### [Goal of the exercise]
After locating the line with "Injured army veteran" in the data that follows, return it and every later line exactly, up to and including the line with "Anti-PARP-1 Antibody, clone".

Excerpts from a dataset:
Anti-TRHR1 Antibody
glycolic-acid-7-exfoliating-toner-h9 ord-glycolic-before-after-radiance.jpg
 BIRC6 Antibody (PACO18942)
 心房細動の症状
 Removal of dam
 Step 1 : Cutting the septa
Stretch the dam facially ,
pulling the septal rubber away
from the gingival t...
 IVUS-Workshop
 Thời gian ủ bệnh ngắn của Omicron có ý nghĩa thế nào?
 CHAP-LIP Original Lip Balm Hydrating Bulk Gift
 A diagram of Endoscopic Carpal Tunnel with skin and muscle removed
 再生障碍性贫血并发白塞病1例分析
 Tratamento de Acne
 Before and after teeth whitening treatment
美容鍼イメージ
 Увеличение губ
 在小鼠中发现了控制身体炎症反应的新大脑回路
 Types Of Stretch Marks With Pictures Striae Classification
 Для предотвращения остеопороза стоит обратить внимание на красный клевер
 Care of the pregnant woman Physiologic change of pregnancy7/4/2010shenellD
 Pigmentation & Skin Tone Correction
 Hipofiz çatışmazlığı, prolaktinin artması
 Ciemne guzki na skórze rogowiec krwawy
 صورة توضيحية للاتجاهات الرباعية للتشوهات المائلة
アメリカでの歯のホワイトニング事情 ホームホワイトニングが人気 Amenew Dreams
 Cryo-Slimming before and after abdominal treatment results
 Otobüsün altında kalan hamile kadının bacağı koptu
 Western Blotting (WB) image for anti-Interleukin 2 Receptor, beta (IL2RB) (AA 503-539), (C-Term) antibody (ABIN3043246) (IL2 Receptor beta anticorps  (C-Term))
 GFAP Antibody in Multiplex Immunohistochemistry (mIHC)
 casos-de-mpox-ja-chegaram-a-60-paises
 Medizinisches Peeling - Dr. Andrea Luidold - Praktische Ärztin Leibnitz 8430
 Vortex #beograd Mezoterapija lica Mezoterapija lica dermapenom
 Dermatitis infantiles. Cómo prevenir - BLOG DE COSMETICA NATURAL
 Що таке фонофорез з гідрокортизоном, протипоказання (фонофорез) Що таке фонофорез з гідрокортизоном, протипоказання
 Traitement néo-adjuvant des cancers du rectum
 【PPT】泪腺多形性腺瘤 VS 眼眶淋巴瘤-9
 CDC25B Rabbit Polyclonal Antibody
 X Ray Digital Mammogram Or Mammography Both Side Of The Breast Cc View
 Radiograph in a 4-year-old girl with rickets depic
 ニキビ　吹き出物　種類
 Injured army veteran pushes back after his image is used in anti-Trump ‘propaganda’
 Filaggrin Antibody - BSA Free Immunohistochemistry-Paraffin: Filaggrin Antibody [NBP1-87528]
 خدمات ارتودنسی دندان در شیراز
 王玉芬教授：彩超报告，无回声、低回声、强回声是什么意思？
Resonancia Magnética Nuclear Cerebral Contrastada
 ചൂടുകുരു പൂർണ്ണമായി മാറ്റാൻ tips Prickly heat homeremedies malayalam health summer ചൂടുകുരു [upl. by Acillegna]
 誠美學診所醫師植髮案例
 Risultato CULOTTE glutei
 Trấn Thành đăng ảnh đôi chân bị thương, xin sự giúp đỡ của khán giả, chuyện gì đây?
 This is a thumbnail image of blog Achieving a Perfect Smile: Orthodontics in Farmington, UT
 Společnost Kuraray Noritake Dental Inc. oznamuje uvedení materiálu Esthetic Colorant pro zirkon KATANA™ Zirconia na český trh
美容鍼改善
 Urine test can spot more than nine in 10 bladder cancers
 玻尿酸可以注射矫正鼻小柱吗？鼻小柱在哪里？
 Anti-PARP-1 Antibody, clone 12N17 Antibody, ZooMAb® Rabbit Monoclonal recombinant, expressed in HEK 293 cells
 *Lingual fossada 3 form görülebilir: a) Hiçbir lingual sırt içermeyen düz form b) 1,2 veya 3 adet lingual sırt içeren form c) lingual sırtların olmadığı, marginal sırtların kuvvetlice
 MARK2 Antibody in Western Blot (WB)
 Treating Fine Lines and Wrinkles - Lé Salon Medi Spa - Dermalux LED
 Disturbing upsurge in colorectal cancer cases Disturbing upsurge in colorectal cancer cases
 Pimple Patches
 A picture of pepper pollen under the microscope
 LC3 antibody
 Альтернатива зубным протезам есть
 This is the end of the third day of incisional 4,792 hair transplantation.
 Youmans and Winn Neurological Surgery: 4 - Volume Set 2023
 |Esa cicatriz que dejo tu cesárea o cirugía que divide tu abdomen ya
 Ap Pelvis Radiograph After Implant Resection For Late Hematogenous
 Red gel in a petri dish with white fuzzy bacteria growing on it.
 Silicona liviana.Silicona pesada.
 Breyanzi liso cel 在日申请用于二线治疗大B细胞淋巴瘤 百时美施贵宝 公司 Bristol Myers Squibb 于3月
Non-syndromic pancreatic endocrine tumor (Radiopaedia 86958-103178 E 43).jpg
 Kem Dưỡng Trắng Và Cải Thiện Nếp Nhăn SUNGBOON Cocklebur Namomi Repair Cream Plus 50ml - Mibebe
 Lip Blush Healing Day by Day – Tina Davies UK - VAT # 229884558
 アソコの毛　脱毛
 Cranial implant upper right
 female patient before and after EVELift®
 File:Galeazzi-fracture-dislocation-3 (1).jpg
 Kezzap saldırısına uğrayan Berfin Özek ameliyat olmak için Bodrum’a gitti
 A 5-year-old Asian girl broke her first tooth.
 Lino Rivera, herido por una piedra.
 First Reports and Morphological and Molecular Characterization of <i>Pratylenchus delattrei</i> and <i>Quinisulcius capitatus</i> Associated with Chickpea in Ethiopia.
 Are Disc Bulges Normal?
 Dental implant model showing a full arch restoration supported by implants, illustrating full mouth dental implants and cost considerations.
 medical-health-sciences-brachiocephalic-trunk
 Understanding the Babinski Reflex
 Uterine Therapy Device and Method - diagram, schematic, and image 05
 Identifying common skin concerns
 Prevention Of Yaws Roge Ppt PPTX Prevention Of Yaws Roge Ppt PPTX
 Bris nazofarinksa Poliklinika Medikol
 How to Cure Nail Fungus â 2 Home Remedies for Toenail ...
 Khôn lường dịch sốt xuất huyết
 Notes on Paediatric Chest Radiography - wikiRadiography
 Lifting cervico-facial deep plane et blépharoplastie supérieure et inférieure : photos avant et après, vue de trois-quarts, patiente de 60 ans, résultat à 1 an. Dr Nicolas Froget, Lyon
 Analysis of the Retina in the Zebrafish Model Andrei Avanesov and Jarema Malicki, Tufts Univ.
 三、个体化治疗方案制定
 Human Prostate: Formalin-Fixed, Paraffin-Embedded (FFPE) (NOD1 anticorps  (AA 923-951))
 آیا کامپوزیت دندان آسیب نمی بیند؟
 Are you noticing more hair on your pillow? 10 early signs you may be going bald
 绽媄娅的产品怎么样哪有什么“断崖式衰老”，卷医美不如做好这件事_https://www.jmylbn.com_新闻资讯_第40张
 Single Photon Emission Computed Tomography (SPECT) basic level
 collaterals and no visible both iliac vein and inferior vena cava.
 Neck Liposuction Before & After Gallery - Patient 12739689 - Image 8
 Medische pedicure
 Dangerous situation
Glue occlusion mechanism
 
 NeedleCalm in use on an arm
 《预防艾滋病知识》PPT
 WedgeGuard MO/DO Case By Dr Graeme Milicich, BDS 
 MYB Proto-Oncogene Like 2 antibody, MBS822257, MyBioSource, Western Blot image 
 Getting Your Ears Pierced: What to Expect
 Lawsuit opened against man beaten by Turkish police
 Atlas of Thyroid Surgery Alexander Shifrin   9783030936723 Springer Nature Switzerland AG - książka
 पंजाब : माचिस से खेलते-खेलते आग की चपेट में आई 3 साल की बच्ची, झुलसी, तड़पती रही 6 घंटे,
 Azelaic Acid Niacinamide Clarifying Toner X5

### [Task solution]
 Injured army veteran pushes back after his image is used in anti-Trump ‘propaganda’
 Filaggrin Antibody - BSA Free Immunohistochemistry-Paraffin: Filaggrin Antibody [NBP1-87528]
 خدمات ارتودنسی دندان در شیراز
 王玉芬教授：彩超报告，无回声、低回声、强回声是什么意思？
Resonancia Magnética Nuclear Cerebral Contrastada
 ചൂടുകുരു പൂർണ്ണമായി മാറ്റാൻ tips Prickly heat homeremedies malayalam health summer ചൂടുകുരു [upl. by Acillegna]
 誠美學診所醫師植髮案例
 Risultato CULOTTE glutei
 Trấn Thành đăng ảnh đôi chân bị thương, xin sự giúp đỡ của khán giả, chuyện gì đây?
 This is a thumbnail image of blog Achieving a Perfect Smile: Orthodontics in Farmington, UT
 Společnost Kuraray Noritake Dental Inc. oznamuje uvedení materiálu Esthetic Colorant pro zirkon KATANA™ Zirconia na český trh
美容鍼改善
 Urine test can spot more than nine in 10 bladder cancers
 玻尿酸可以注射矫正鼻小柱吗？鼻小柱在哪里？
 Anti-PARP-1 Antibody, clone 12N17 Antibody, ZooMAb® Rabbit Monoclonal recombinant, expressed in HEK 293 cells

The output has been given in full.